IL GRANDE filosofo ginevrino voleva condannare il teatro e ogni tipo di intrattenimento basato sulla passività del pubblico. In questo, il suo teatro ricorda molto da vicino il nostro cinema (per non parlare di televisione...). Ebbene, a tutto ciò veniva opposto un ideale di gioioso rito collettivo, cui far partecipare l’intera comunità.
Detto altrimenti: una cittadinanza non può restare unita soltanto per ragioni di interesse. L’esistenza comune richiede un rapporto emotivo.
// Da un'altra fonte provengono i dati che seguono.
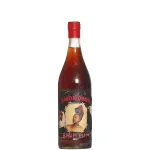 La Martiniquaise Rhum Pur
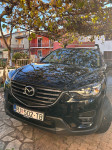 Mazda CX-5 CD150 Takumi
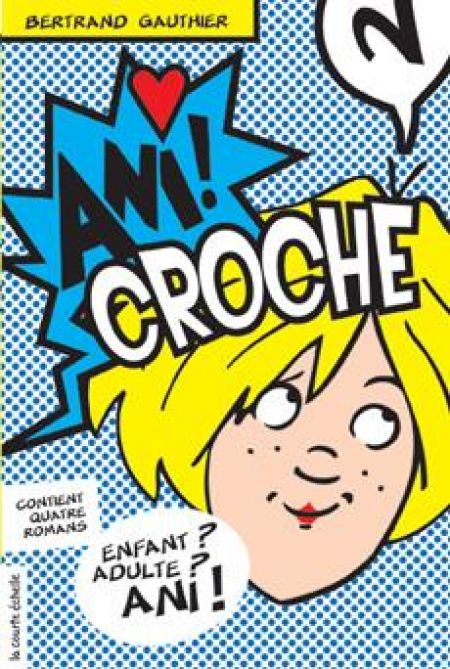 Ani Croche v 02 Ani Croche v 02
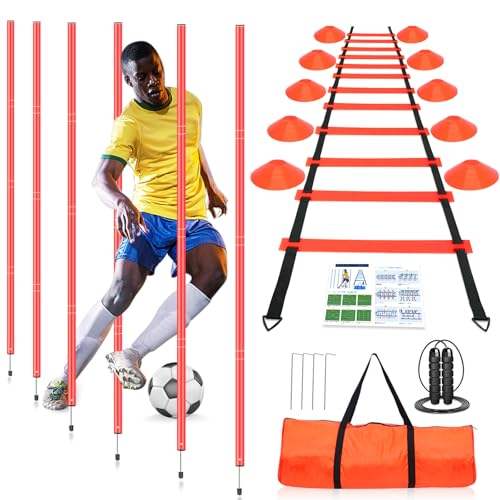 yazi TbJ[ g[jO_[ q g[jO|[ }[J[R[ u 싅ETbJ[K g[jOR[ S ꒵сE[ܕt y ^т₷ TbJ[KZbg (IW)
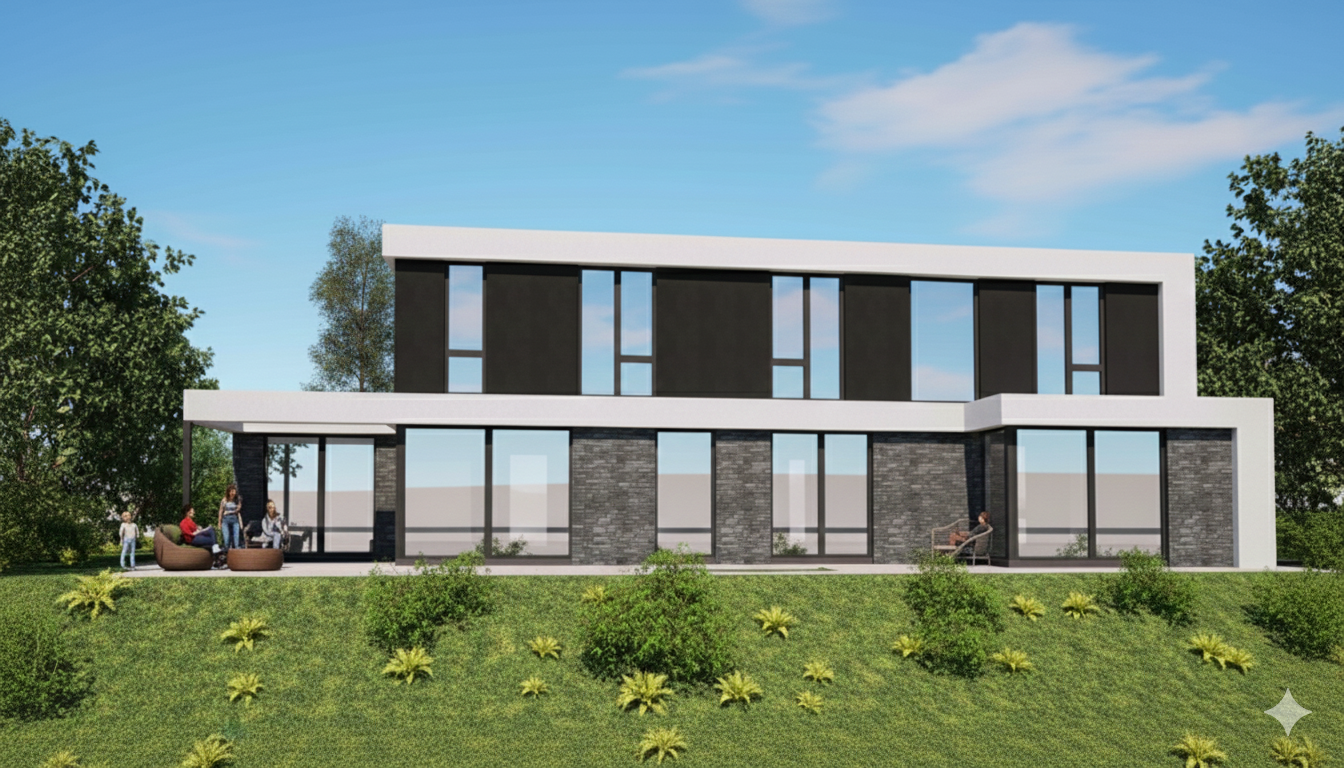 Myrtleville Coastal Site - West thumbnail 7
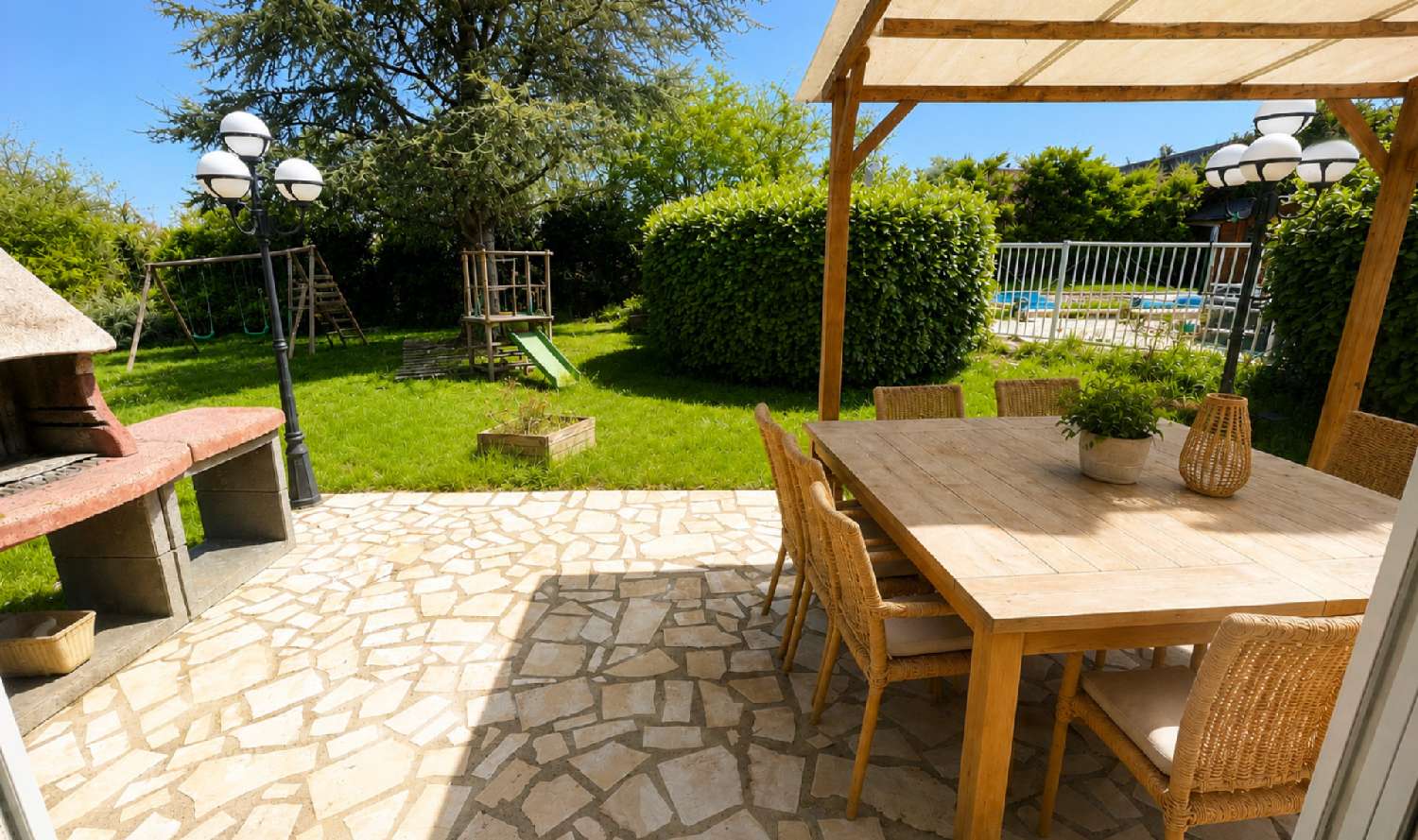 kaufen Haus Varennes-lès-Narcy Nièvre 4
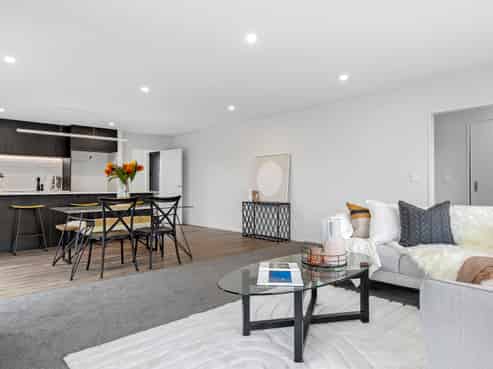 42 Greig Crescent, Amberley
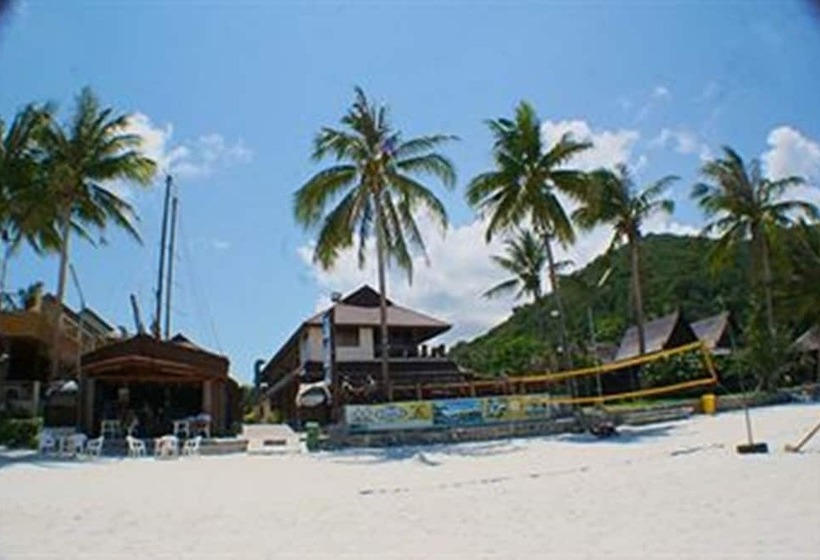 فندق Tommy Resort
Un popolo felice deve saper ritrovare la sua coesione nei giochi, nei divertimenti: «Piantate in mezzo a una pubblica piazza un palo coronato di fiori, ponetevi intorno un popolo, e otterrete una festa ». In tal modo, ha spiegato Paolo Apolito seguendo le ricerche di Mona e poi Ozouf, la festa assume addirittura il compito di «rendere evidente, eterno, intangibile il nuovo legame sociale».
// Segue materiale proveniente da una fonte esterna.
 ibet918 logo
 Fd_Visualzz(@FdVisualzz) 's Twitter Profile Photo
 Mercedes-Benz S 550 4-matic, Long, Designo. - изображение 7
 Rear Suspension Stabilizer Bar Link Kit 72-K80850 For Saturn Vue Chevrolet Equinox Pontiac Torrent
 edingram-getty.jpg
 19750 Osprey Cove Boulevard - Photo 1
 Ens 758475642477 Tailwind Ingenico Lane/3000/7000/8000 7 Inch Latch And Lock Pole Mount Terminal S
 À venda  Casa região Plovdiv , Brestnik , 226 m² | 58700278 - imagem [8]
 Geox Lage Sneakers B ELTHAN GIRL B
Certo, un simile discorso sembrerà preso un po’ troppo alla larga, eppure, per apprezzare il progetto di Nicolini, occorre ricostruirne la genealogia. Infatti, sotto la cappa degli Anni di piombo, questo studioso in apparenza tanto svagato, ebbe l’idea acutissima e letteralmente rivoluzionaria
(nel senso del suo prototipo francese) di trapiantare la festa nel cuore della metropoli moderna, e al contempo di riappropriarsi della notte, ossia di uno spaziotempo che il terrorismo aveva
progressivamente convertito in mesto «coprifuoco». Ebbene, Nicolini «scoprì quel fuoco », lo fece divampare, ma senza più violenza, anzi, nel segno della pura euforia dionisiaca, con balli, canti, letture.
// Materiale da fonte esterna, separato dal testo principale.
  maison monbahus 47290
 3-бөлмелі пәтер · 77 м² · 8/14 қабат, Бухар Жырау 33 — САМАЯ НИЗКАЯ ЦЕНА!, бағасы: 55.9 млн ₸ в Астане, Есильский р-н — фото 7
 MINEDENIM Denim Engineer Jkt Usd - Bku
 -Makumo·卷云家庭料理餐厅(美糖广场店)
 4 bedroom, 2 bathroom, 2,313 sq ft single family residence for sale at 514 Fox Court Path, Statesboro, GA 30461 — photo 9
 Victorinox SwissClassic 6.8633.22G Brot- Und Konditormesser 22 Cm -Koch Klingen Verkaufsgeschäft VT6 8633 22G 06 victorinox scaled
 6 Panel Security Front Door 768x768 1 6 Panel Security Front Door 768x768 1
Chi non ricorda la tre giorni di poesia sulla spiaggia di Castelporziano, organizzata da Franco Cordelli nel 1979? Autori italiani e stranieri, il falso annuncio di un concerto di
Patty Smith, trentamila spettatori vocianti, l’assalto al cibo e al palco, il crollo di quest’ultimo, la magica apparizione di Allen Ginsberg che, trasformato in Orfeo, placa con un suo mantra la folla inferocita.
E in tutto ciò, al largo, una petroliera in fiamme (o erano due? oppure stiamo entrando in «Apocalipse now»?). Così, fra dada e pop, il teatro fagocitò la poesia, dando vita ad una sensazionale performance.
Ma Nicolini era questo, un apprendista stregone, anche se danni non ne fece mai. Nel frattempo nei parchi cittadini, da Villa Ada a Villa Borghese, e in mezzo ai più maestosi monumenti, la città ritrovava umanità e insieme unanimità.
Se tutto ciò è vero, risulterà evidente che il suo capolavoro fu il rilancio del teatro e del cinema all’aperto. Ai testi di Peter Brook recitati nelle vie del quartiere Prati, rispose il film «Senso» di Visconti, proiettato nell’agosto 1977 sotto le volte della Basilica di Massenzio. Non più poche persone, timorose, immobili, inerti, silenziose, chiuse in un centro oscuro, bensì una folla raggiante e scatenata, vivace e rumorosa, raccolta in platee immense e luminose. Altro che Effimero! Quello che alcuni chiamarono così, fu in realtà la vittoria di Rousseau.